1. This paper studies the application of optimal power flow sensitivity for power system improvements.
2. The optimal capacitor placement yields the highest system power factor, decrease in total generation cost and total system losses.
3. The Lagrange Newton method is employed to determine the change of the objective function with respect to the change of injected reactive power.
The article provides a comprehensive overview of sensitivity analysis and its applications in power system improvements, discussing various methods such as non-linear programming, quadratic programming, linear programming, interior point method and Lagrange Newton method. The article also discusses the importance of optimal capacitor placement for injecting reactive power into a power system to maximize the system power factor and reduce total generation cost and total system losses.

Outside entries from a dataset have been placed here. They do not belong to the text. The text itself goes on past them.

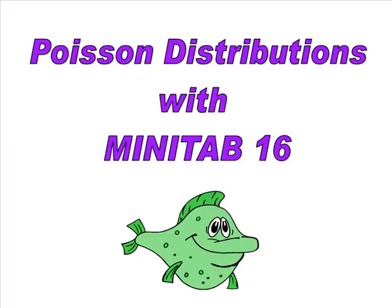Hey ladies and gentlemen, it's Professor Williams and this time I'm here with Poisson distributions with Minitab 16.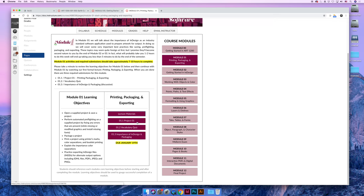So if you do the lecture first, and then the project, and then the vocabulary quiz, and then the discussion, they'll naturally flow from one into the next, and each next activity that you do will be easier than the one before.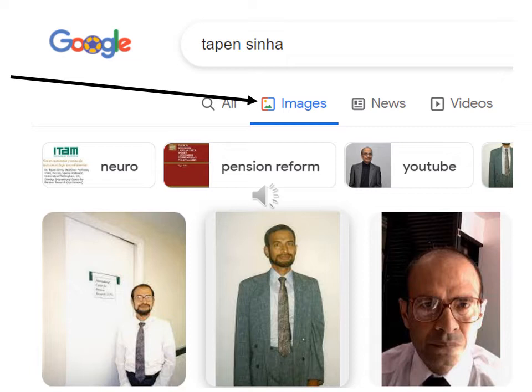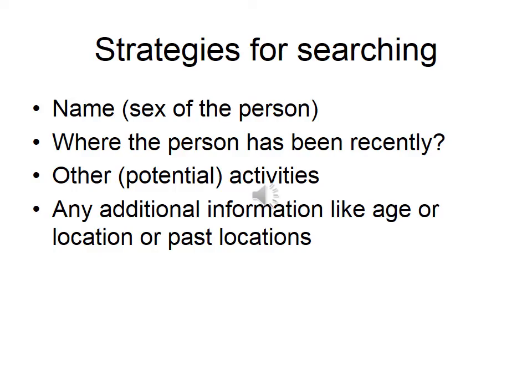I can also specify some other constraints — for example, what time period are these searches to be done? By default, you can get results from yesterday, from last month, from last year, or for all times. This search is showing it for all times. Any search — the first thing you start with is obviously the name of that person. It may not be as simple as you might think.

The article appears to be reliable and trustworthy as it provides detailed information on various methods used for sensitivity analysis and their applications in improving power systems. Furthermore, it cites relevant sources such as [1], [2], [3] and [4], [5] which adds credibility to its claims. However, there are some potential biases that should be noted such as one-sided reporting (only focusing on positive aspects of sensitivity analysis), unsupported claims (not providing evidence for certain claims made), missing points of consideration (not exploring counterarguments or alternative solutions) and promotional content (emphasizing only the advantages of using sensitivity analysis). Additionally, possible risks associated with using this technique are not mentioned in the article which could lead readers to make uninformed decisions about its use.